● Instructions to follow
From the material below, copy exactly the lines beginning with the one that contains "Carnelian Gallet - Small - 1 PC" and ending with the one that contains "3 bedroom apartment in Muraykh 9"; the pictures stay out.

● Data to use
+ + + +
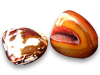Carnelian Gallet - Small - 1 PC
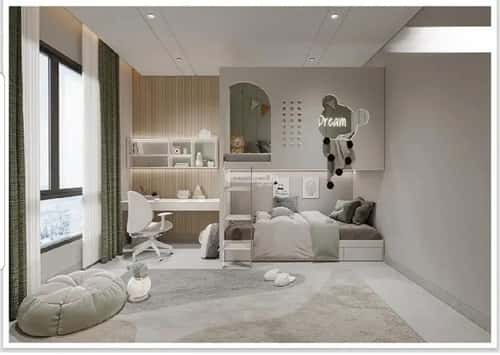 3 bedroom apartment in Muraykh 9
+ + + +
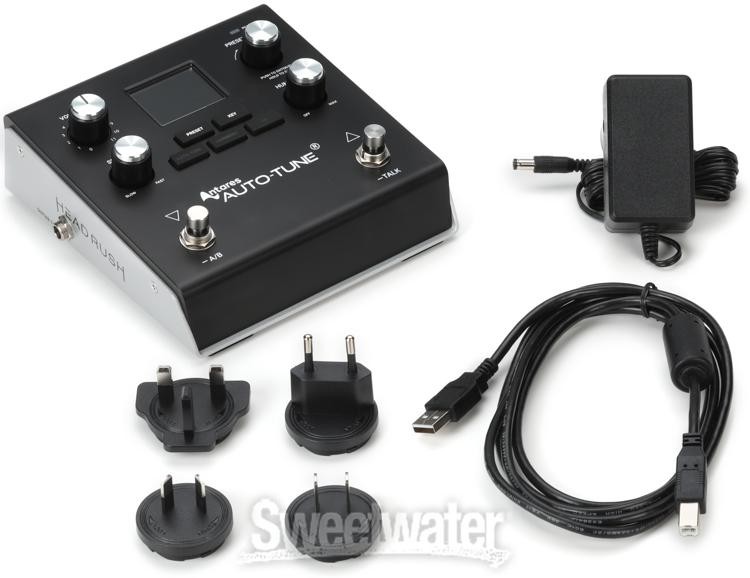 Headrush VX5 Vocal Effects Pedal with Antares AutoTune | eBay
+ + + +
● Exercise answer
Carnelian Gallet - Small - 1 PC
 3 bedroom apartment in Muraykh 9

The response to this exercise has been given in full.